_Problem to solve_
With the line containing "Ayron House | Château d'ayron" as the first and the final line of the entries as the last, repeat exactly the lines in that span, including both.

_Exercise inputs_
※

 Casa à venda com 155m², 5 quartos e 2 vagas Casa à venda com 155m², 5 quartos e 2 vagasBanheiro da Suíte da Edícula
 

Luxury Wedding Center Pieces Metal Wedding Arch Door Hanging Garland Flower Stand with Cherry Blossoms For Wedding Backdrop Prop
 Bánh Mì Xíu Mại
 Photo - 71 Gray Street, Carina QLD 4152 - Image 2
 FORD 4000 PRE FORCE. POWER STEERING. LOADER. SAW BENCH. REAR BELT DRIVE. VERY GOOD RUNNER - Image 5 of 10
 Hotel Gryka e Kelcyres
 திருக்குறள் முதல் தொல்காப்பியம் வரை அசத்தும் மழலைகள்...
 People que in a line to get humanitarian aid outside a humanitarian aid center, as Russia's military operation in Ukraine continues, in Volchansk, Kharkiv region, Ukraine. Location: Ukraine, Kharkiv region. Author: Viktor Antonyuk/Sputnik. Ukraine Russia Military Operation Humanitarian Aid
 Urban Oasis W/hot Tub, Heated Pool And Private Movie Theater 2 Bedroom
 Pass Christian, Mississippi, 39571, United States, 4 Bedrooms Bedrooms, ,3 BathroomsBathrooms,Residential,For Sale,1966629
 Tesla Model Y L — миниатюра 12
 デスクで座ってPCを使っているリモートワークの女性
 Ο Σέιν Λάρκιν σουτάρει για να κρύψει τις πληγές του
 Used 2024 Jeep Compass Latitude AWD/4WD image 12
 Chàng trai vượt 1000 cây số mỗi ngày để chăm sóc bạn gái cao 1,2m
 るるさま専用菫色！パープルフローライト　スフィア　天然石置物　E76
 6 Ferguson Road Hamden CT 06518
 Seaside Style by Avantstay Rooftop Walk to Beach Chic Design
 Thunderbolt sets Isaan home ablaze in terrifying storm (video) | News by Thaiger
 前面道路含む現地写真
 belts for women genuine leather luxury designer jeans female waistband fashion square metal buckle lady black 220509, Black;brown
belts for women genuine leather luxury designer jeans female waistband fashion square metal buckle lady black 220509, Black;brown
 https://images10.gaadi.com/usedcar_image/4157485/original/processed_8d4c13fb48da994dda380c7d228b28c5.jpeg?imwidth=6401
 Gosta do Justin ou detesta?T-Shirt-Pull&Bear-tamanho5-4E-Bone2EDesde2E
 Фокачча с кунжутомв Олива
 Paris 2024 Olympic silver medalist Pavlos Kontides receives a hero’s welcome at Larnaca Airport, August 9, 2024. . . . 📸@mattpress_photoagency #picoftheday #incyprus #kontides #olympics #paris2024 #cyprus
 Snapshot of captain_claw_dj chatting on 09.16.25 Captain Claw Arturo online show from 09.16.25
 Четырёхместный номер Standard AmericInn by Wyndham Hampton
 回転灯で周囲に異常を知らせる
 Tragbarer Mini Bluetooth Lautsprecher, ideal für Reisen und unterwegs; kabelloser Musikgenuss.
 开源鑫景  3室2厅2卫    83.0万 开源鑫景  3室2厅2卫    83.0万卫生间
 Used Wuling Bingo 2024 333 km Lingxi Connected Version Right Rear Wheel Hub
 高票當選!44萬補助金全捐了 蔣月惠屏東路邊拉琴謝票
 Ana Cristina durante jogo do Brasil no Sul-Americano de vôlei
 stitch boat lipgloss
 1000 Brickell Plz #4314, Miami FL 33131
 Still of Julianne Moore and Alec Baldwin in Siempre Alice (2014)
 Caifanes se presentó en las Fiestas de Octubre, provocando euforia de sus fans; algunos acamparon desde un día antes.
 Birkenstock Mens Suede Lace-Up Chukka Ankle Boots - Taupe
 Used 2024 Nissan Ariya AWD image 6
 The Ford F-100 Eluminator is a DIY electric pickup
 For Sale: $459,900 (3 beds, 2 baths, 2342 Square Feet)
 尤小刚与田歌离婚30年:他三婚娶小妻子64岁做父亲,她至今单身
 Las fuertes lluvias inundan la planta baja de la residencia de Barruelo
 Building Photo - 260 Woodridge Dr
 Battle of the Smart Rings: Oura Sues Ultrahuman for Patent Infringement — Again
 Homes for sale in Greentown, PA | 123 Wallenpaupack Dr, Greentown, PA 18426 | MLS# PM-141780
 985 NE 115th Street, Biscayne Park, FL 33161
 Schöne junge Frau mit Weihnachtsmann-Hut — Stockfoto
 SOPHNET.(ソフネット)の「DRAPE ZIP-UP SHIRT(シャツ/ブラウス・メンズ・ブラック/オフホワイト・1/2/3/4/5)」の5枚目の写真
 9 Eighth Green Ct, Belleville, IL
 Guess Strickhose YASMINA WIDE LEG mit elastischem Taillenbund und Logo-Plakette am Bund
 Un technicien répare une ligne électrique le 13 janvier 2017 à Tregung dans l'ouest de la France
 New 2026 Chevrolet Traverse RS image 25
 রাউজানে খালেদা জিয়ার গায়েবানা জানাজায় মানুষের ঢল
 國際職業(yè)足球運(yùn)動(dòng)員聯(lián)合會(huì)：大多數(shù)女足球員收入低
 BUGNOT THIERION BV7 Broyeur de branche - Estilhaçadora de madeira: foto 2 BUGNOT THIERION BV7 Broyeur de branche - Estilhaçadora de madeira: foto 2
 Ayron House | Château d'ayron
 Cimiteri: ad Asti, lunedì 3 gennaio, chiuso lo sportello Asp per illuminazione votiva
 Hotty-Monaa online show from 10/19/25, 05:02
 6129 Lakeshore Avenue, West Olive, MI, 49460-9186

※

_Solution to the exercise_
 Ayron House | Château d'ayron
 Cimiteri: ad Asti, lunedì 3 gennaio, chiuso lo sportello Asp per illuminazione votiva
 Hotty-Monaa online show from 10/19/25, 05:02
 6129 Lakeshore Avenue, West Olive, MI, 49460-9186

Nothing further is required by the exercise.